Chi pensa che il Made in Italy sia legato ad attività vetuste, a scarso valore aggiunto, lontane dall’evoluzione tecnologica, sbaglia su tutti i fronti. Comparti come la moda o l’alimentare sono ancora trainanti per le economie del pianeta, e qui l’Italia, grazie all’industriosità e alla creatività dei suoi imprenditori, realizza primati dopo primati.

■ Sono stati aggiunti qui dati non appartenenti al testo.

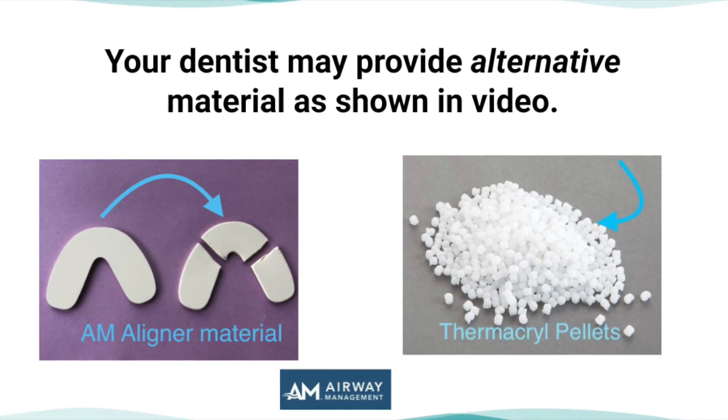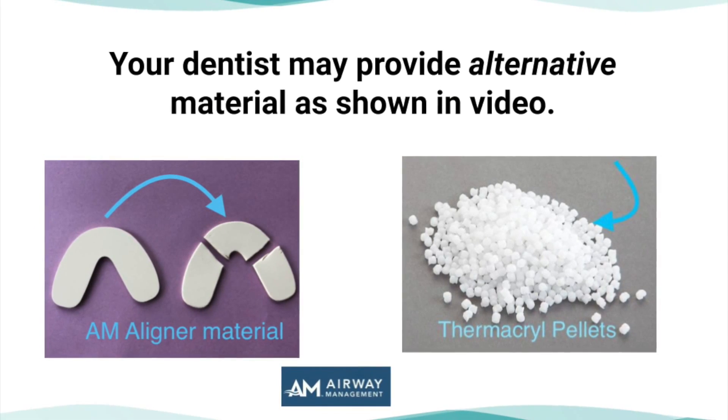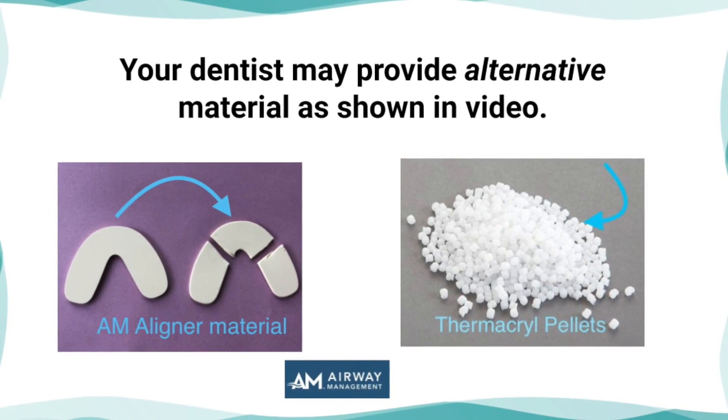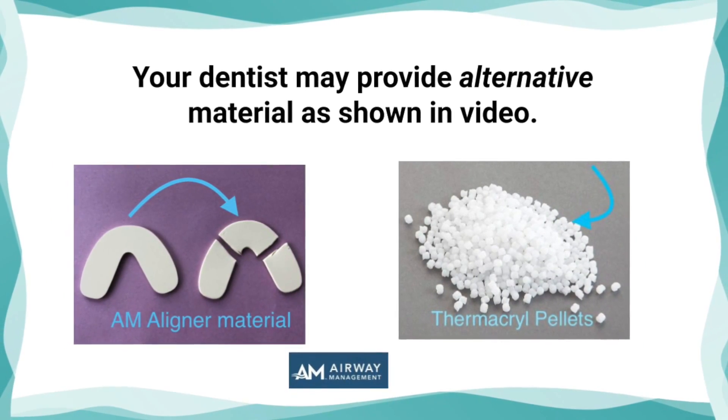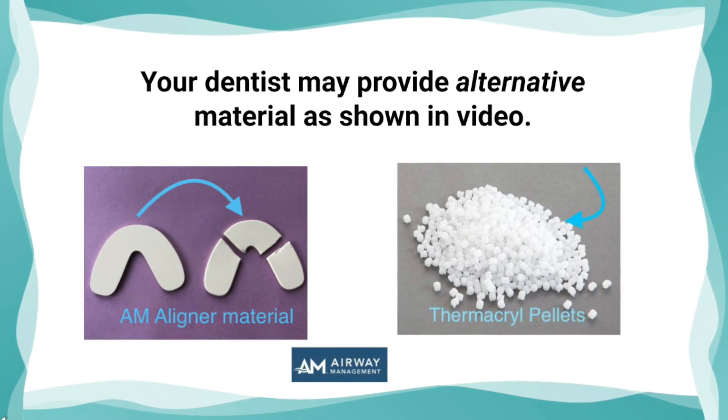This is just one type of tool. Please use the type of tool that your own dentist or provider has prescribed for you to use after you remove your oral appliance. But this is one that is pretty common and many providers are currently using as well.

Ma la sfida del Made in Italy viene vinta anche nella farmaceutica e nella chimica, nella meccanica e nei prodotti in metallo, nella costruzione di mezzi di trasporto, dalle moto sportive agli aerei.
È proprio la straordinaria versatilità delle nostre imprese che ha permesso all’Italia di ottenere un risultato sbalorditivo. Dal 2012 al 2022, la quota delle esportazioni nazionale rispetto a quella totale è rimasta tale e quale: 2,7%. Si tratta di una autentica performance, perché in quel decennio la Cina si è ‘mangiata’ una fetta delle vendite complessive fuori confine pari al 3,4%, facendo indietreggiare tutte le economie del G7, tranne una: Germania da 7,7 a 6,8%, Francia da 3 a 2,5%, Regno Unito da 2,6 a 2,1%, Giappone da 4,3 a 3%, Stati Uniti da 8,4 a 8,3%, Canada da 2,5 a 2,4%.
I successi dell’Italia non escludono ovviamente la necessità che non si punti con decisione alle ultime frontiere dell’innovazione, come ad esempio l’intelligenza artificiale generativa, che sta già rivoluzionando i settori dove viene applicata, facendo crescere esponenzialmente la produttività. Ma ciò non significa sottovalutare l’importanza di un Made in Italy e di un manifatturiero nazionale che va anzi preservato come un valore assoluto per la Penisola.
In tal senso vanno contrastati con vigore fenomeni come l’Italian Sounding, l’imitazione all’estero di prodotti italiani, che (dati The European House Ambrosetti) sottrae alle casse nazionali la bella cifra di 91 miliardi di euro.